Law, Technology and Public Contestations in Europe
- Biotechnology Regulation series
Chapter 3: Risk, science and society
Protection of human health and the environment against hazards from the introduction of new technologies has long been identified as a central function of the modern welfare state. The resolution of safety concerns had become particularly important for the acceptability and feasibility of the development and application of new technologies by the 1980s. Since awareness of industrial and technological hazards had grown significantly by this time, many treated the concerns about introduction of new technologies like biotechnologies and nano-technologies as restricted only to an issue of safety.
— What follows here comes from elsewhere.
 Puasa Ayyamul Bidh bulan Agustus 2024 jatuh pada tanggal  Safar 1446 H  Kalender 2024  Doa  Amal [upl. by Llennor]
Significantly, the last three decades have seen a slow and steady change in regulatory emphasis on safety, from an investigation of hazards to a more complex regulation of risks, where risk is seen as 'replacing need as the core principle of social policy formulation'. The introductory account of EU regulation of GMOs in the previous chapter identified the pursuit of safety as the dominant trope for authorization and release of GMOs. Two motifs were further discernible, viz., the concept of risk and the principle of precaution, as central to the way concerns of safety are represented and mediated in EU regulation. This chapter seeks a conceptual focus on risk as a dominant regulatory tool to pursue the public objective of safety. The endeavour here is to understand how risk is employed in regulatory engagements with public contestations about GMOs, and the technological trajectories GMOs signify. Evidenced in our examination of the EU regulatory framework in the previous chapter, risk is currently the central organizing principle in the commercial release of GMOs.